Where did these come from?

or, a mystery from the Kellenberger storage room.


Partial set of Francois-Marie De Marsy's Analyse Raisonnee de Bayle.

by John B. Green III

Just off the Kellenberger Room can be found our archival storage room.  Here are kept our manuscript collections, vertical files, photographic archive, and our collection of early New Bern newspapers, among many other items.  Some have likened the appearance of this room and its contents to the government warehouse from the last scene of Raiders of the Lost Ark.  Well, perhaps it does a bit, but while the room is quite full, our collections are properly identified and stored.  I assure you that if we had the Ark of the Covenant, we'd be able to find it after a brief search. 

There are, however, a few items in our collection that are a mystery.  There is no one living who remembers what importance, if any, they may have had to the library or how they came to be here. In most such cases, especially if the items are books, we assume that they came in the back door as anonymous donations for some long-ago library book sale.   Someone on the staff took a look at them and decided that they might be of some importance and shouldn't be sent to the sale like twenty-five cent paperbacks.  We do know that the items I am about to describe have been here for at least thirty years.

Title page, Francois-Marie De Marsy's Analyse Raisonnee de Bayle.
 

The books in question are a partial set of Francois-Marie De Marsy's Analyse Raisonnee de Bayle, a compilation and analysis of the writings of French philosopher Pierre Bayle, an influential free-thinker of the Enlightenment.   Although the title pages indicate the place of publication as London, they were actually published in Paris in 1755 (volumes I-IV) and Holland in 1770 (volumes V-VIII).  What makes these volumes interesting and potentially important is that volumes II, III, and IV bear the bookplate of Nicholas P. Trist, American lawyer and diplomat, and husband of Thomas Jefferson's granddaughter Virginia Jefferson Randolph.




Bookplate of Nicholas P. Trist.


Nicholas Philip Trist (1800-1874) was born in Charlottesville, Virginia.  In 1803, Jefferson offered Trist's father the post of Collector of Customs for Natchez.  The family moved to Louisiana where young Nicholas grew up, eventually graduating from the College of Orleans in 1817.  That same year, Thomas Jefferson invited Nicholas to Monticello.  While there, Trist met and fell in love with Virginia Jefferson Randolph.  Following a stint at West Point and a return to his family in Louisiana, Trist returned to Monticello to study law under Jefferson.  Nicholas Trist and Virginia Randolph were married in 1824, and Trist served as private secretary to Jefferson, eventually becoming an executor of Jefferson's estate.
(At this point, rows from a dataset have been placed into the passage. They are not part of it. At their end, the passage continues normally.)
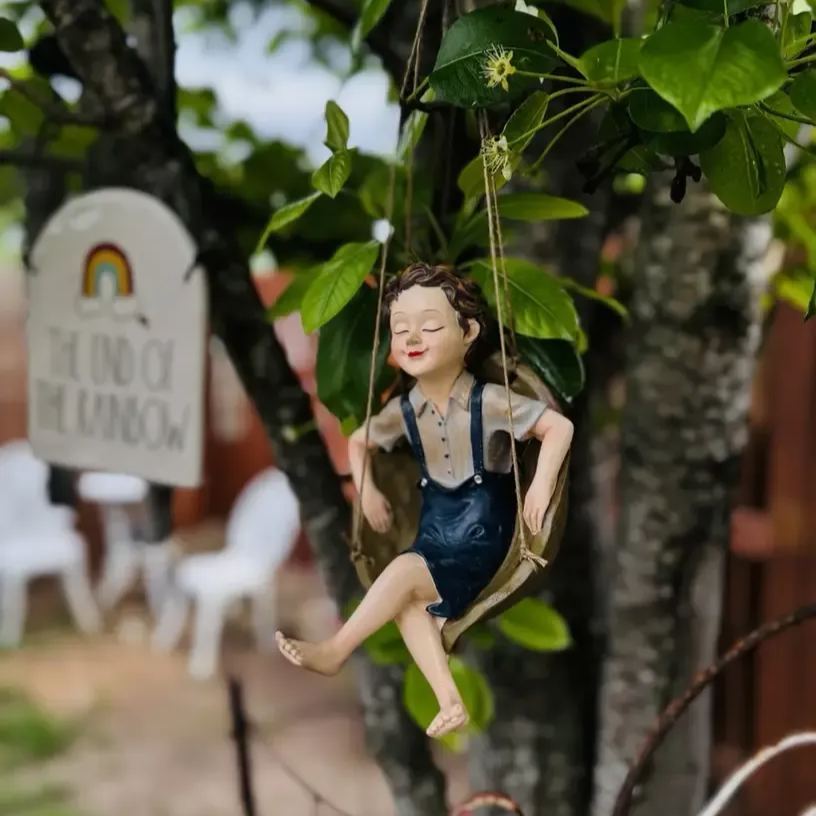 Handgefertigte Schaukel-Skulptur aus Walnussholz und Kunstharz 【2 kaufen, versandkostenfrei】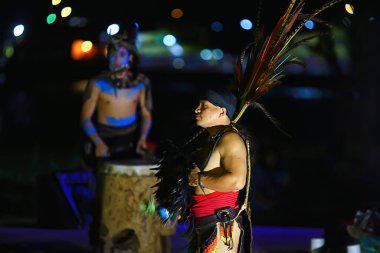 23 Kasım 2019 Cancun, Meksika 'da Maya Kızılderililerinin ritüel dans canlandırması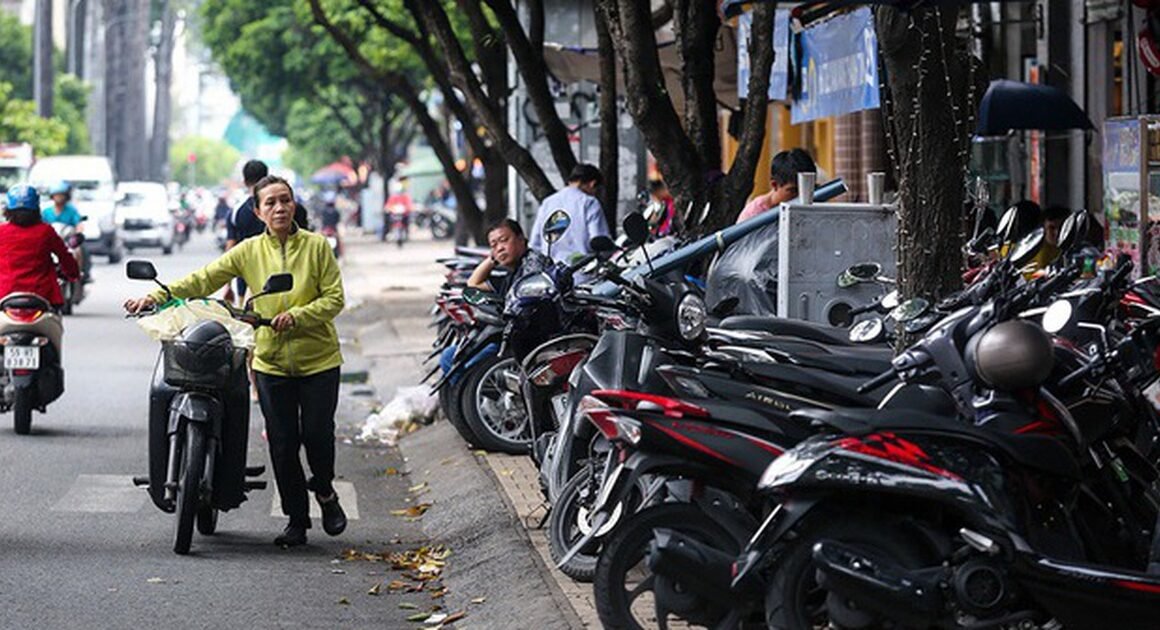 KHÁM PHÁ BẬT MÍ VỀ VIỆC QUẢN LÝ TẠM THỜI LÒNG ĐƯỜNG, VỈA HÈ TẠI TP.HCM NỮA GÌ?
Trist would later serve as private secretary to Andrew Jackson, U.S. Consul at Havana, Cuba, and as the diplomat who negotiated the treaty ending the Mexican-American War.

All of which raises an interesting question.  Did Nicholas Trist, with all of his personal connections to Thomas Jefferson, acquire these books from Jefferson or Jefferson's estate? Did the books that now bear Trist's bookplate once belong to Thomas Jefferson, the Sage of Monticello?  In age, the volumes date to Jefferson's generation not Trist's, and their author and subject matter would have appealed to a free-thinking Francophile like Jefferson. In fact, Jefferson is known to have owned works by Bayle. Surviving catalogs of Jefferson's library, however, do not include Marsy's Analyse Raisonnee de Bayle



Bookplate of Nicholas P. Trist.


The only obvious marks of ownership in the books are Trist's bookplate.  Might they still have been Jefferson's?   Jefferson did not use a bookplate, but instead, marked his books in an unusual way. Printers of Jefferson's time identified the various signatures or gatherings of pages with a letter printed on the lower margin of the first page of each signature: A, B, C, D, and so on.  The signatures arranged in alphabetical order would thus be in the correct order for binding.  It is important to remember that the printers used the Latin alphabet for this purpose which did not contain the letters J, U, or W.  To identify his books, Jefferson would turn to the "I" signature and write the letter T in front of the printed "I". On other occasions, he would turn to the "T" signature and write a J after the T.  In both cases he was identifying the books as belonging to TJ - Thomas Jefferson. 

A close examination of the signatures of Trist's books reveals no added T's or J's.  The books are probably not Jefferson's. They are Nicholas Philip Trist's, an interesting character in his own right. We just don't know why they are in the Kellenberger storage room!